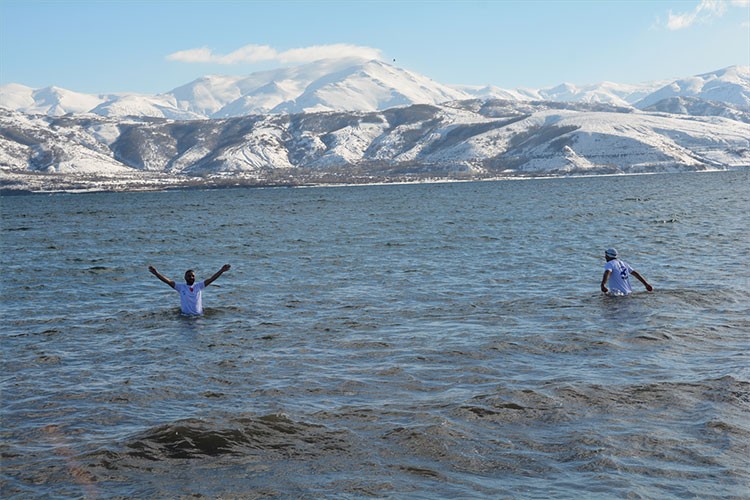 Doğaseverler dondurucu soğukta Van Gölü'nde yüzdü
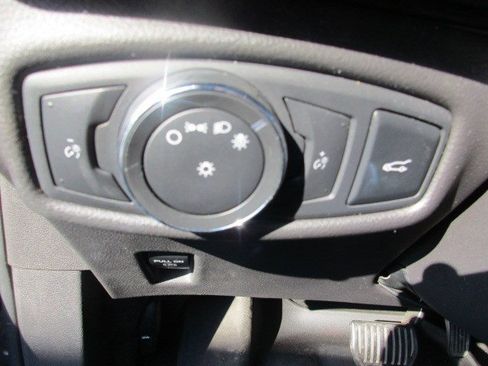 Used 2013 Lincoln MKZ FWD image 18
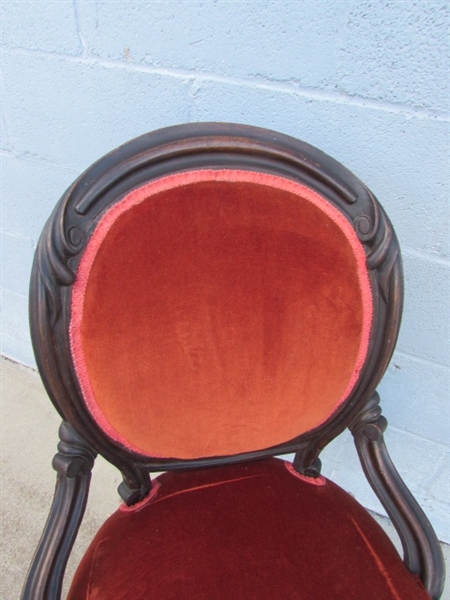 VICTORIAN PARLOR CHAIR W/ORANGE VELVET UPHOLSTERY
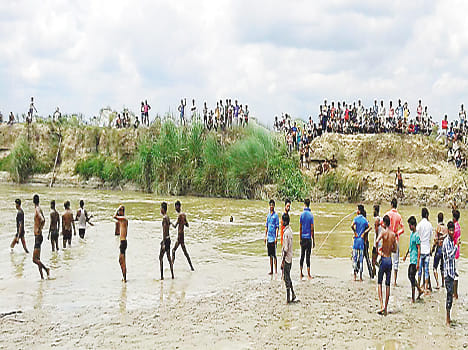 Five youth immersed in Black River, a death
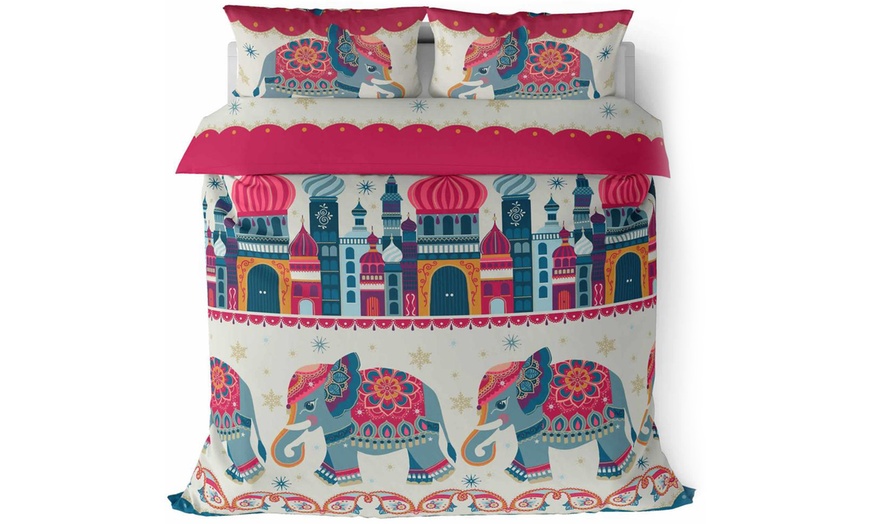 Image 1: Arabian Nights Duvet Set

#####

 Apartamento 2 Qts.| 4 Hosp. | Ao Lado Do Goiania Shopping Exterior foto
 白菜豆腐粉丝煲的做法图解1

#####

### Task prompt
Above are the records; copy exactly the lines from the one with "Doğaseverler dondurucu soğukta" through the one with "Image 1: Arabian Nights Duvet Set", including both, and nothing more. Leave out pictures.

### Result of this exercise
 Doğaseverler dondurucu soğukta Van Gölü'nde yüzdü
 Used 2013 Lincoln MKZ FWD image 18
 VICTORIAN PARLOR CHAIR W/ORANGE VELVET UPHOLSTERY
 Five youth immersed in Black River, a death
 Image 1: Arabian Nights Duvet Set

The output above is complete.